Everything belongs to God. All truth is his. I can celebrate truth where ever I see it. I do agree that we must be discerning though, about what will lead us into sin, but I trust that the Spirit will lead us into all truth!

Andrew, all I have to say is that you are, as usual, much better at articulating thoughts than I am. WE shall have to discuss Jerram's talk (and other things) further. Also, if I don't see you before tomorrow, enjoy Sigur Ros. Thewyr muusici iis soowe gwoode.

By the way, that last comment was by me.

Indeed. I think the whole Fundamentalist fear of everything "secular" is due to a misunderstanding of what it means to be "in the world but not of it."

BTW, I was responding to Stacy's comment, when Eric slipped his in. Thanks for your affirmation, Eric, and we'll certainly be discussing these things in more detail.

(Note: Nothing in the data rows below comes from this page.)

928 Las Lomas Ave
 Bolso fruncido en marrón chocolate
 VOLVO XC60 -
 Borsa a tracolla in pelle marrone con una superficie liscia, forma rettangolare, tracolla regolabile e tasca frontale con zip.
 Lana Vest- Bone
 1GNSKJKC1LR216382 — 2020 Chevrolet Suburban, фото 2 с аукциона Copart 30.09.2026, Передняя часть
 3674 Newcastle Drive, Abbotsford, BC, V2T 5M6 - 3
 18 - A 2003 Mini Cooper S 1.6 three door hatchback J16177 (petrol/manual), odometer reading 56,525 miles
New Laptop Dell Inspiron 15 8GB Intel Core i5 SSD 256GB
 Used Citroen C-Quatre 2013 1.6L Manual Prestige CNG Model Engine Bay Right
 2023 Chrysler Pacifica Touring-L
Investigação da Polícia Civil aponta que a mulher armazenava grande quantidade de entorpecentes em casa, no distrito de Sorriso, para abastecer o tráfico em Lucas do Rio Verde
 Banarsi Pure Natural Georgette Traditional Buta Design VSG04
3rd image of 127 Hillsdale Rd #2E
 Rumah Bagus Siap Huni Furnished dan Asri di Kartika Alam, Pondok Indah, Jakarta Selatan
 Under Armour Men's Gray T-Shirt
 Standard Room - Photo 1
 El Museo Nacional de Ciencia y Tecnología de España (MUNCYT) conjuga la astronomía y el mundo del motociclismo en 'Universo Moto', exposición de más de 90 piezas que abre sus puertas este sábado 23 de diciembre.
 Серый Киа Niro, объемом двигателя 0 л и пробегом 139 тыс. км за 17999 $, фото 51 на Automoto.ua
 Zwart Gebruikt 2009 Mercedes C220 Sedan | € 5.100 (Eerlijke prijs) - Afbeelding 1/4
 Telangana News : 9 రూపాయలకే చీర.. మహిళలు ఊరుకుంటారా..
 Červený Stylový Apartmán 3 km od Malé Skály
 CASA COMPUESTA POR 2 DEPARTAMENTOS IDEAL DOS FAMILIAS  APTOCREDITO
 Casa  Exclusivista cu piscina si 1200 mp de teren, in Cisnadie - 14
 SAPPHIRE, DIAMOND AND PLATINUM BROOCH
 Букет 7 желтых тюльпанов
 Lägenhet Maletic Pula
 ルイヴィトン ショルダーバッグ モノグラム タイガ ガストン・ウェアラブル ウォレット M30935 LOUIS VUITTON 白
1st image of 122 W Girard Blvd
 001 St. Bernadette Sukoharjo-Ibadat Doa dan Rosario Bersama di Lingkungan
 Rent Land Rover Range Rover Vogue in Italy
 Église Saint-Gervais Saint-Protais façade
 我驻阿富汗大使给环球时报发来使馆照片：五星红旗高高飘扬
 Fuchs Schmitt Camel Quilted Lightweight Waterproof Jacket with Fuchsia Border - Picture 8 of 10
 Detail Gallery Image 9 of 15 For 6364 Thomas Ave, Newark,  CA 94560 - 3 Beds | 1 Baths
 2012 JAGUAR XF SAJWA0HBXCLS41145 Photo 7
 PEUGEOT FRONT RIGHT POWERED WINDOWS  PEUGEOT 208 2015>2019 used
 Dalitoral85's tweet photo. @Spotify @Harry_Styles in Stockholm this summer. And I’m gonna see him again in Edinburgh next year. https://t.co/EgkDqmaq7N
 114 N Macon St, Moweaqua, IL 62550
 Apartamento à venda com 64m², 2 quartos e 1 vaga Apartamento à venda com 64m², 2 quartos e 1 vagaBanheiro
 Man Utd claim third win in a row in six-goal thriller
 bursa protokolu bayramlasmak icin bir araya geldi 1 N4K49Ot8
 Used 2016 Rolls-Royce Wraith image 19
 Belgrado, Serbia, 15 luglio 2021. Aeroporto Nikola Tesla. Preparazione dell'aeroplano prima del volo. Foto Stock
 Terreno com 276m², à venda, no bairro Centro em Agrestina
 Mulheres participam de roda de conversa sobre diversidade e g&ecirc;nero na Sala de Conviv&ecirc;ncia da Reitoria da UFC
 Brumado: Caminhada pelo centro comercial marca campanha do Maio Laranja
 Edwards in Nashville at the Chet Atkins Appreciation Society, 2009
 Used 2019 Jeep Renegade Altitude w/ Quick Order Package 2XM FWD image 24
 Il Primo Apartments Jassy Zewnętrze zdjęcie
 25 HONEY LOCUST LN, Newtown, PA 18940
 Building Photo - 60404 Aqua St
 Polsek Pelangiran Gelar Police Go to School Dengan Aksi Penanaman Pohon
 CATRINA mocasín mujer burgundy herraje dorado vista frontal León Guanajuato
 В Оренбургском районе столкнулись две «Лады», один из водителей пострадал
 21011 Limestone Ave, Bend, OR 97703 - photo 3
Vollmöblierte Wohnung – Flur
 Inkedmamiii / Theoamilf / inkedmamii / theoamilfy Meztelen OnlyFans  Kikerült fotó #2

Good post. As a young Christian I often "gave up" secular music, thinking that it would give me some kind of a spiritual boost.
Now I enjoy listening to it but maybe I'm more mature and less likely to see the stars as heros to emulate.

I suppose it can be a bit depressing when Christians are wildly enthusiastic about some controvesial star. I find as I get older, I can like the music without liking the lifestyle of the star.

Jerram Barrs has a good talk on Harry Potter on BeThinking.org and he makes some interesting points about how we relate to non-Christian culture.